New Hampshire utilities have a new competitor — many of the municipalities they serve.

On Oct. 1, 13 towns and Cheshire County incorporated the Community Power Coalition of New Hampshire, but it’s more than a coalition that advocates for legislation and helps its members. It’s designed to act like a power broker, procuring and delivering energy over the utilities’ transmission lines, like any other energy supplier.

But there is one major difference. Under the new law, municipalities and counties can become the default power supplier for all of those currently on default electric service supplied by the utilities that currently serve New Hampshire customers: Eversource, Unitil, Liberty and the N.H. Electric Cooperative. Now, under the law, if a municipality or county passes a community power plan, every resident and business in it would be covered, unless they opt out. Customers already getting their electricity from a different supplier would have to opt in.

That means a good chunk of the 210,000 residents of those municipalities, which include Dover, Nashua and Lebanon, may be getting their power though community power.

That’s 15 percent of the state’s population.
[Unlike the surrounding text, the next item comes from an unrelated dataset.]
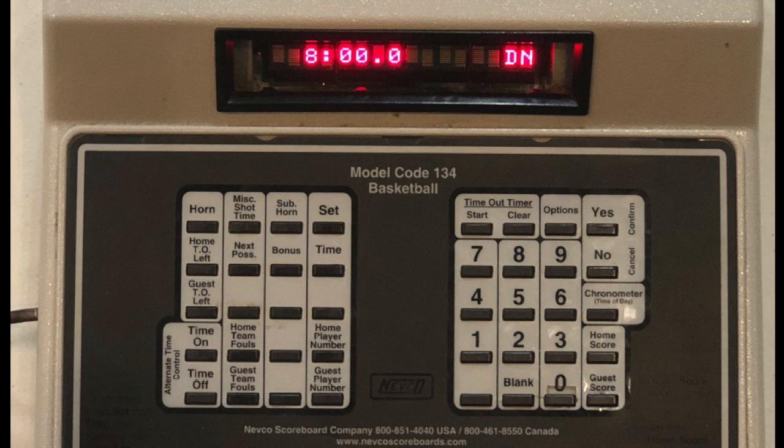If at any point you get lost during the game — like you miss points or something like that — focus on keeping the clock accurate first and foremost. The bookkeeper should be sitting next to you, and they can help you sort out any discrepancies in scores or foul counts whenever there's a break in the game.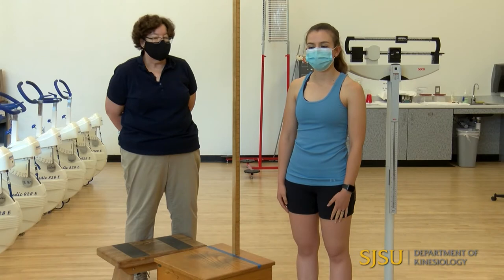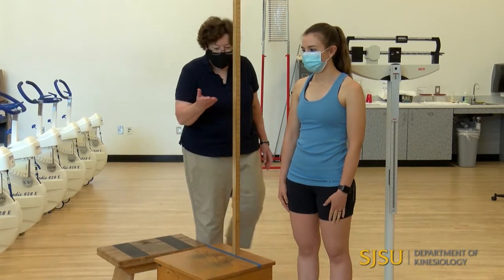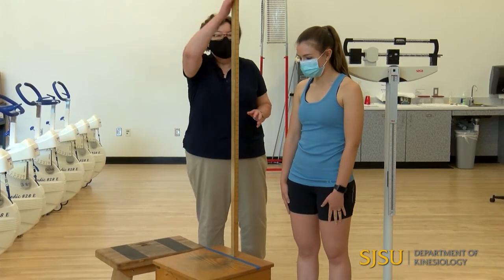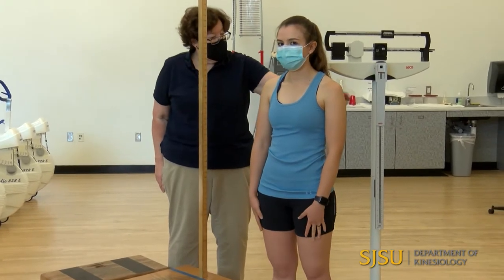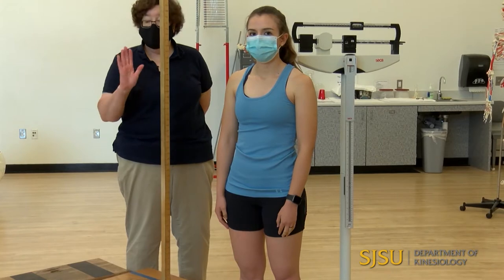We're going to demonstrate how to measure height and weight. You may think that's pretty simple, and it is, but there are some standardized techniques. To measure height, we can either use a stadiometer, which is this device — a platform with a vertical bar — a similar height device on a physician's scale, or you could even measure someone against the wall.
In terms of electric load, the coalition has the potential to be as big as Unitil. And other municipalities could join the group in the future.

But to have that clout, the governing body of the municipalities — which also include the towns of Hanover, Harrisville, Exeter, Rye, Warner, Walpole, Plainfield, Newmarket, Enfield and Durham — would have to vote for a plan and agree to continue to work with the coalition. Incorporation was a big step in that direction.

“This is the most exciting thing to happen to the electricity sector in New Hampshire in decades,” said state Consumer Advocate Don Kreis in a press release about the incorporation. And he later told N.H. Business Review, “It could finally deliver the benefits of restructuring residential customers.”

Kreis thinks the coalition’s clout will be able to do two things: drive down electricity prices and give an array of choices to customers who could “opt on,” such as getting all its energy from renewables, buying locally or using-time-of-day billing to cut usage and their bill. It also enables the towns themselves to become a supplier without having to go through net metering. Lebanon is the furthest along in this regard. It appropriated $2.85 million to develop a one-megawatt landfill gas-to-energy power plant, as well as solar arrays on the rooftops of a number of municipal buildings

That may due to the involvement of Cliff Below, Lebanon’s deputy mayor and a former state senator who helped write the 1996 electricity restructuring law and the primary author of the legislation enabling community power. He is also vice chair of the Community Power Coalition.

“Community power aggregation is a deliberate double entendre,” Below said in the press release. “We will be providing electric power in aggregate to our communities, with the goal of lowering costs and expanding access to renewable energy and other innovations. But the coalition also aggregates the political power of communities so their interests may be better represented in state policy decisions that impact energy.”

Each community power plan has to be approved by the Public Utilities Commission, which still has to promulgate rules on how to do so. This process that has been stalled, along with many other processes at the PUC, as the state continues to set up the new Department of Energy, which will handle many PUC functions.